As Tim Clement-Jones, finance director of Kingfisher, put it: 'The guidance is pretty murky. But I would not like mine to be the first company that steps over the line.'

The LIG underling was told by the board to tell analysts and big investors that their profit forecasts for the company were too high. The main reason was LIG's photoprocessing division, which was badly hit by the recession. As the phones were put down, the LIG share price began to fall, ending 22p down at 248p.

In an unusual measure, the Stock Exchange decided last May to make an example of LIG, publicly censuring the company. The rest of the City rightly saw this as heralding a wider crackdown. But many quoted companies and their lawyers reacted in panic, asking aloud what they could or could not say to the outside world without following LIG into the pillory.

So last July, the Stock Exchange pulled together a working party to draw up guidance. Apart from Exchange officials, the committee included representatives of the Hundred Group of Finance Directors, the Association of British Insurers, the Institute of Investment Management and Research and the Institutional Fund Managers' Association. Michael Lawrence, former finance director of Prudential Corporation and since February 1 chief executive of the Exchange, was a member. The result, published last week, has been widely criticised. Peter Cowap, head of compliance at Nomura, said: 'It seems full of platitudes and recommends motherhood and apple pie.'

Mr Clement-Jones pointed out: 'If you cannot nudge or steer, or raise your eyebrow, if analysts are misinformed, the market will not know what to expect. The whole thing is pretty fraught.'

Slaughter & May, the lawyers, added: 'It leaves unclear the circumstances in which companies are not required to announce price-sensitive information to the market. The suggestion that there is in certain circumstances an obligation on companies to correct analysts may have unforeseen adverse consequences.'

But Martin Hall, the Stock Exchange's head of policy and a member of the working party, defended the document, saying: 'There was pressure on us to publish it before the insider dealing law changes on March 1, and there is an international trend towards greater all-round disclosure. This is an attempt to produce the maximum flow of information from companies.'

But while the advice does much to protect company officials from inadvertently breaking the new laws on insider trading and traded securities disclosure, it is surprising how many flaws have survived the six-month deliberation.

The key principle of the guidance is that price-sensitive information - the sort that can move a company's share price - should be sent to the Stock Exchange before anyone else is told, whether they are journalists in a pub or shareholders at their annual meeting.

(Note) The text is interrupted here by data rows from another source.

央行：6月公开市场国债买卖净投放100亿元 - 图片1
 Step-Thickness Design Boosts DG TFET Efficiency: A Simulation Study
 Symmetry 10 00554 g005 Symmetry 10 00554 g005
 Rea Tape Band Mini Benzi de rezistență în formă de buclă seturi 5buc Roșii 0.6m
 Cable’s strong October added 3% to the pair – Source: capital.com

As far as possible, company officials should confine themselves to directing inquirers to information that is already published, such as the annual report or industry statistics. However, the guidance still seems to leave open the possibility of a repeat of the LIG episode.

The document says: 'If analysts' comments or views appear inaccurate, companies can consider what public information is available to be drawn to their attention.'

While that would deter anything quite as blatant as the LIG exercise, experienced public relations officers will not find it difficult to drop the right sort of hints if they feel that an analyst is forecasting too high or too low.

But perhaps the most bizarre edict is that companies should make 'a proper announcement' if they are approached by journalists with accurate but hitherto unpublished price-sensitive information - otherwise known as a scoop or an exclusive in the newspaper world.

It does not seem to have occurred to the distinguished members of the working party - one of whom is an ex-journalist - that journalists prize such information and are simply not going to share it with a company that might blurt it to the world at large before publication.

As journalists are protected if they do not deal on the information before they publish and companies are legally safe if they are not bothered with prying phone calls, the legal niceties will be observed. Except that newspapers will be deterred from checking facts and companies will have the infinitely more difficult task of putting out bush fires after rumours have been published.